Take Benjamin Portman, who lives on Capitol Hill, part of the 1st
District, where violent crime has increased the most. A total of 110 incidents have
been reported in 2012, a 69 percent jump, according to statistics obtained
by The Washington Times. Two weeks ago, Mr. Portman’s male roommate and his
girlfriend were robbed by three armed men in ski masks as they walked home
on a well-lit street.

That spurred Mr. Portman to attend a community meeting on the increased
violence, which was held last week by D.C. Council member Mary M. Cheh, Ward 3
Democrat. Mr. Portman asked officials why the city makes it so difficult
for law-abiding residents to register guns and refuses to allow them to
carry weapons outside of the home.

As you can see in the video below, Paul Quander, the District’s deputy
mayor for public safety and justice, responded that crime victims should give
the criminals what they want. Mr. Portman protested, saying, “But how do you
know you’re going live and survive? You’re completely at their mercy.”

Mr. Quander thinks victimhood is preferable to self-defense. “The problem
is, if you are armed, it escalates the situation,” Mr. Quander told
residents. “It is much better, in my opinion, to be scared, to be frightened, and
even if you have to be, to be injured, but to walk away and survive. You’ll
heal, and you can replace whatever was taken away.”

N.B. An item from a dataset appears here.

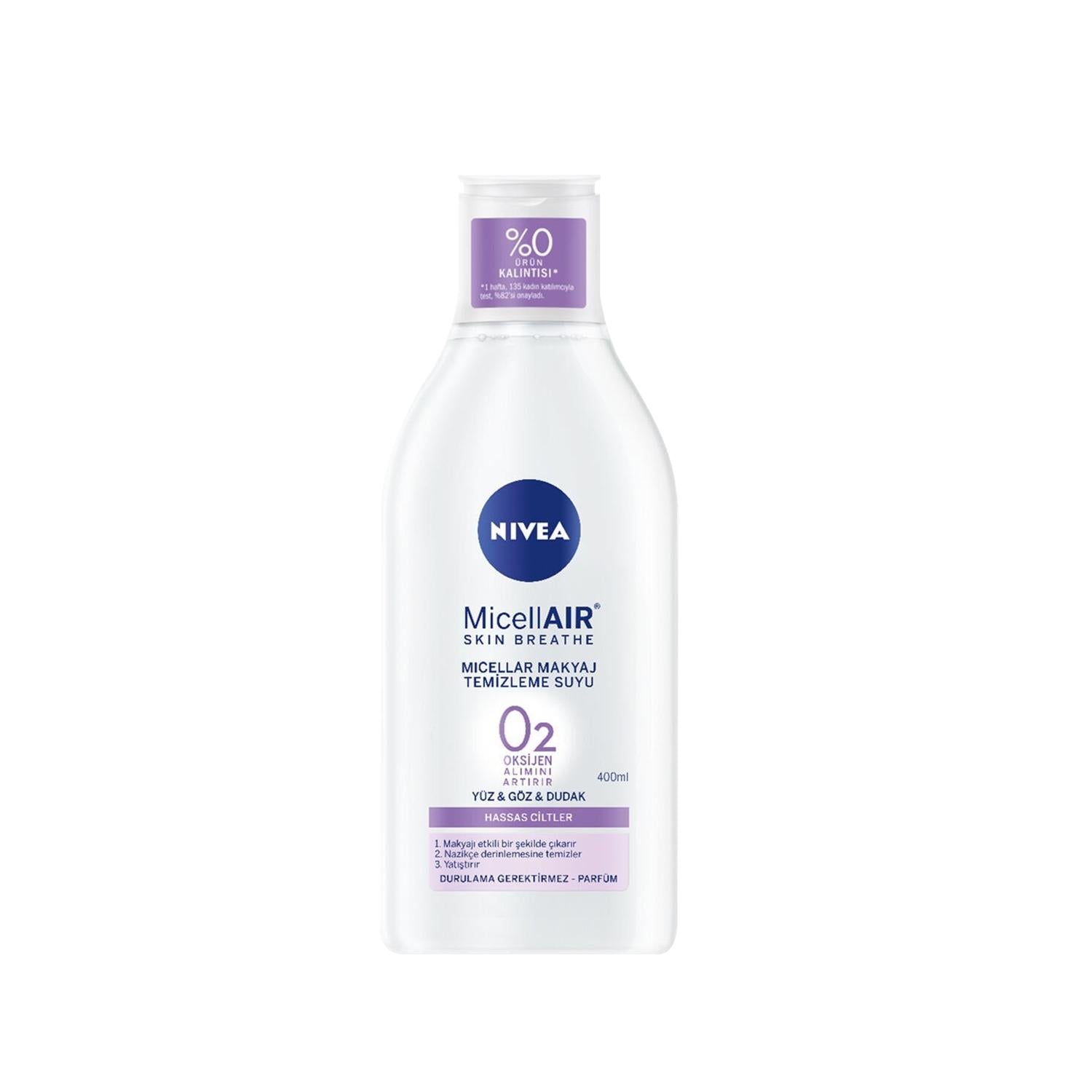 Nivea Micellair Makeup Remover for Sensitive Skin - Gentle, Effective Cleansing - 13.53 fl oz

Kristopher Baumann, head of the D.C. police union, also was at Ms. Cheh’s
meeting. “Having the deputy mayor for public safety publicly announce that
being victimized is something we, as residents of the District, must accept
is disgraceful,” he told The Washington Times. “At the same time, Mr.
Quander failed to offer a single short- or long-term solution to fighting crime
in this city.”

The police officer added that, “This is a mayor who, as chair of the
Council, cut 400 police positions and failed to enact tougher laws for repeat
offenders. Now we know why. His crime fighting strategy apparently involves
giving up and just living with being scared. Accepting violent crime and
victimization is not an acceptable trade-off for living in the District.”

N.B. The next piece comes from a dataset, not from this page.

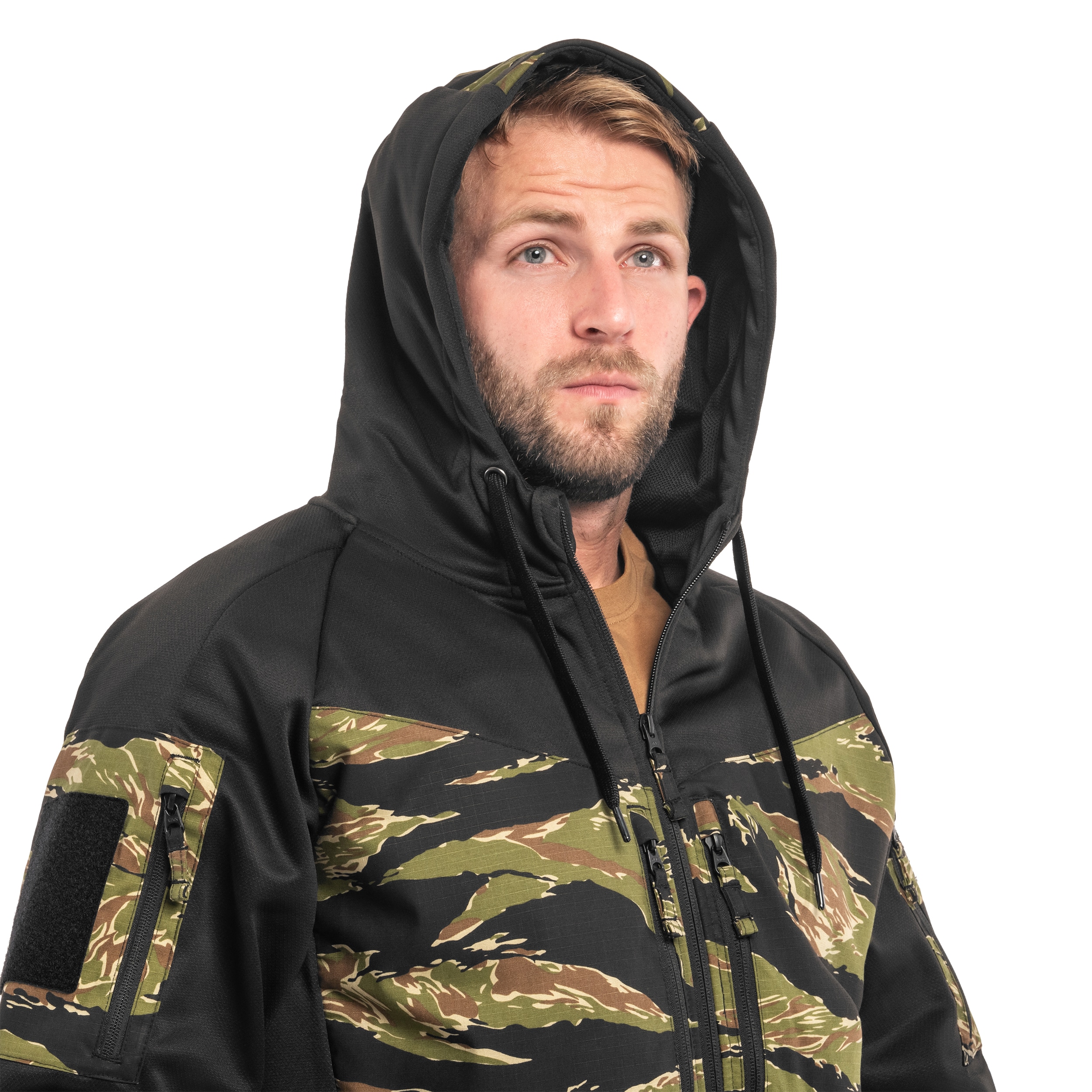 Mikina Helikon-Tex Rogue Hoodie - Black/Tiger Stripe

The Washington Times caught up with Police Chief Cathy L. Lanier on
Wednesday and asked for her reaction to Mr. Quander’s comments. The police chief
did not remember exactly what was said, but she said she thought Mr. Quander
was referring only to victims of theft, not physical assault. “We always
say, if you are a victim of a robbery, your best thing to do is comply and
try to be safe,” the chief said.

Mr. Portman said Chief Lanier approached him after the meeting, but he
left unsatisfied. “I think if the chief realized that the police cannot protect
us all the time, everywhere, she might come to the conclusion that it’s
the right thing for her to recommend relaxing the gun-control laws in the
city,” he said in an interview. “I have the right to protect myself if the
police can’t.”

While the council is working to ease some registration requirements,
that’s not enough. The city needs to recognize that the Second Amendment
guarantees not just the right to keep arms at home, but also to bear them. Doing
so would give criminals reason to think twice before assaulting residents.